→ What this task involves:
Could you give back exactly the lines below from the one with "surplombant les chutes" through the one with "Brick Beading Pattern, Bead", without a single picture?

→ Data for review:
....

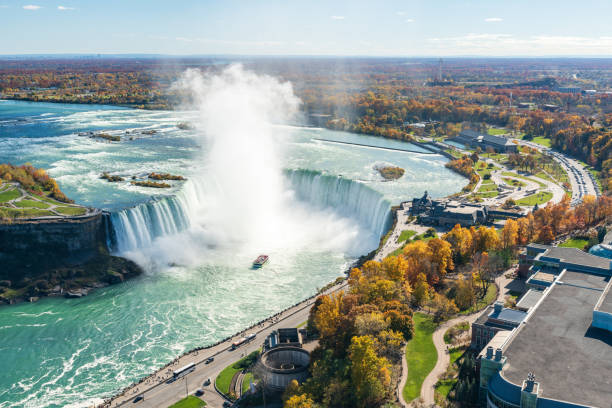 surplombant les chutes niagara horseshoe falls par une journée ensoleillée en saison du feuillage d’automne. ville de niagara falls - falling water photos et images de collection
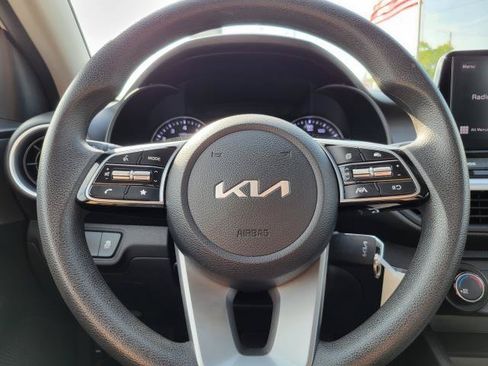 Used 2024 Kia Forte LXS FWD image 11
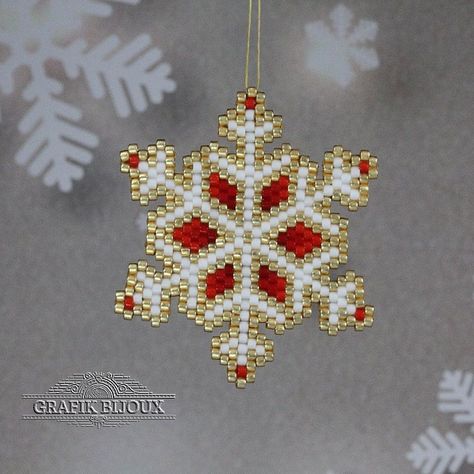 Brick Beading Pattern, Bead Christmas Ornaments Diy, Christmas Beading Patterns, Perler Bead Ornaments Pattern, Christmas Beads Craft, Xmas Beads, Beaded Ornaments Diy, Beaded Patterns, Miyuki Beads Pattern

....

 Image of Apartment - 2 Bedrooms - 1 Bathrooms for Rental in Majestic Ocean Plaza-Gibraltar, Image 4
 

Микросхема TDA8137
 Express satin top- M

....

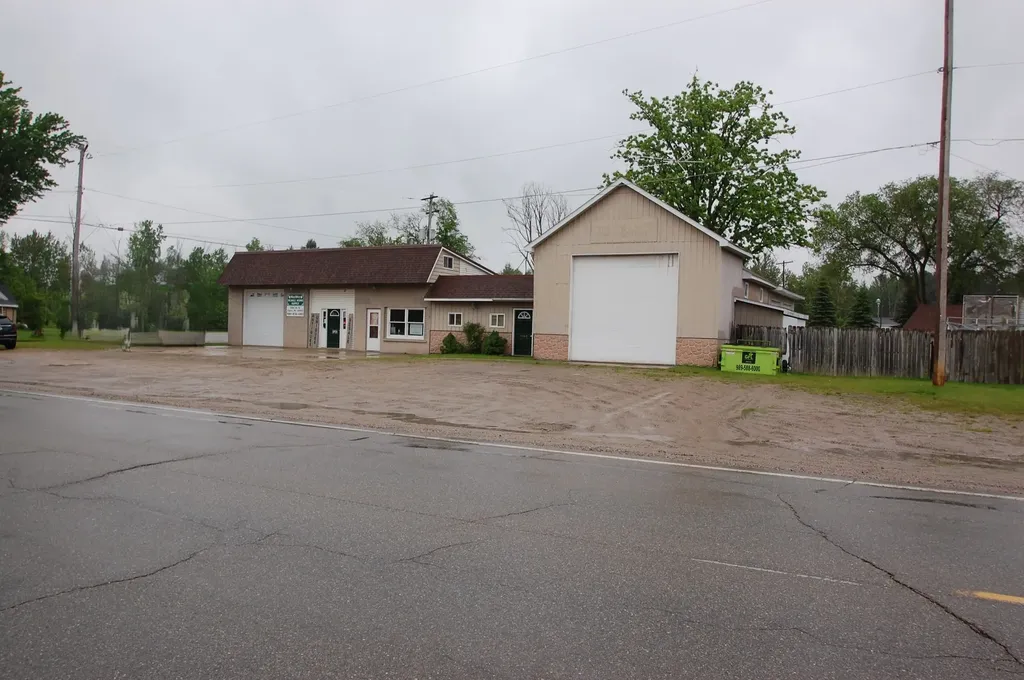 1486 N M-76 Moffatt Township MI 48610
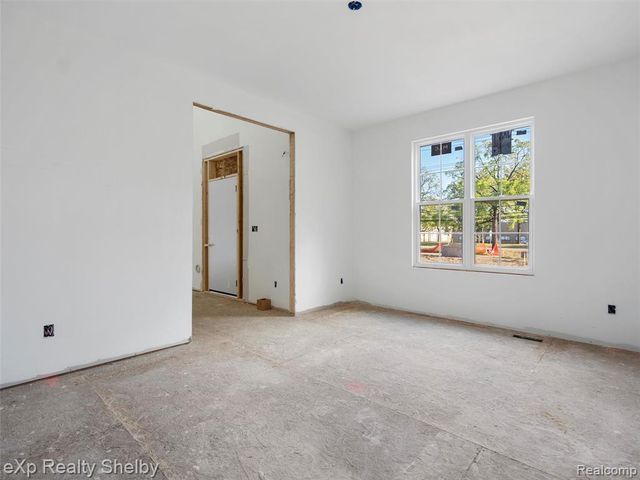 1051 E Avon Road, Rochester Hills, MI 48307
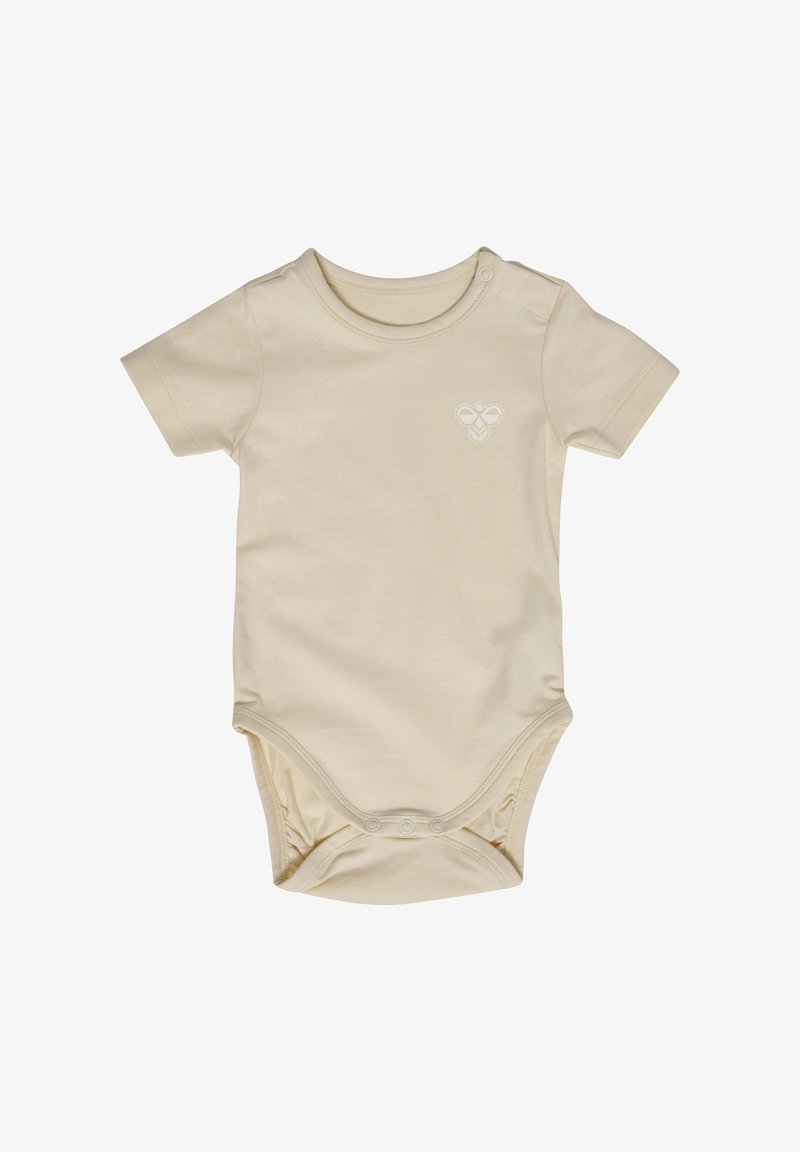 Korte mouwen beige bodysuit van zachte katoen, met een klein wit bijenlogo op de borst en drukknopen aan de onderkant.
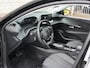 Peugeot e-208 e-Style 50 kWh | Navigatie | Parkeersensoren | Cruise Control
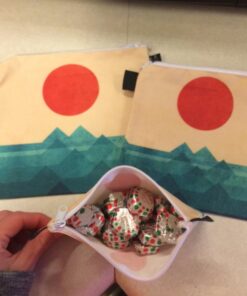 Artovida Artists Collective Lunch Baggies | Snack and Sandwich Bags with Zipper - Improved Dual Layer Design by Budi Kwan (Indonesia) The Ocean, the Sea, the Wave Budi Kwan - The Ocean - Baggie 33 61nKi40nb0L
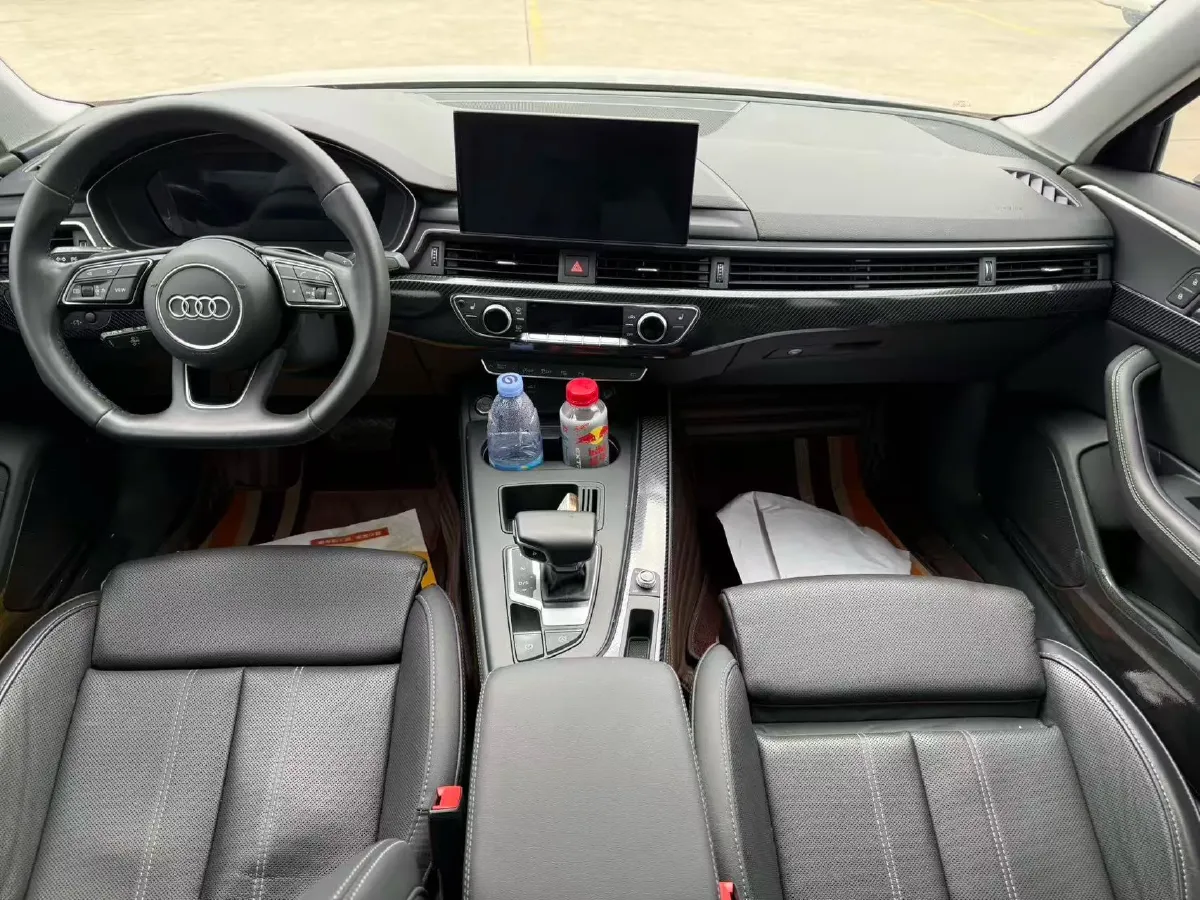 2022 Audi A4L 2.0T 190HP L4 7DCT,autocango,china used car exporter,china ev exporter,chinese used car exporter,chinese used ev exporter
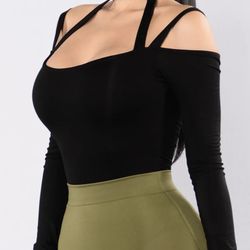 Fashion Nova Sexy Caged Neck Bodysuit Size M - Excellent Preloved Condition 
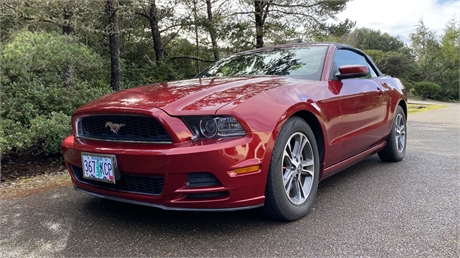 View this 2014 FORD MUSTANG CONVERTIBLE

....

→ Solution for this task:
 surplombant les chutes niagara horseshoe falls par une journée ensoleillée en saison du feuillage d’automne. ville de niagara falls - falling water photos et images de collection
 Used 2024 Kia Forte LXS FWD image 11
 Brick Beading Pattern, Bead Christmas Ornaments Diy, Christmas Beading Patterns, Perler Bead Ornaments Pattern, Christmas Beads Craft, Xmas Beads, Beaded Ornaments Diy, Beaded Patterns, Miyuki Beads Pattern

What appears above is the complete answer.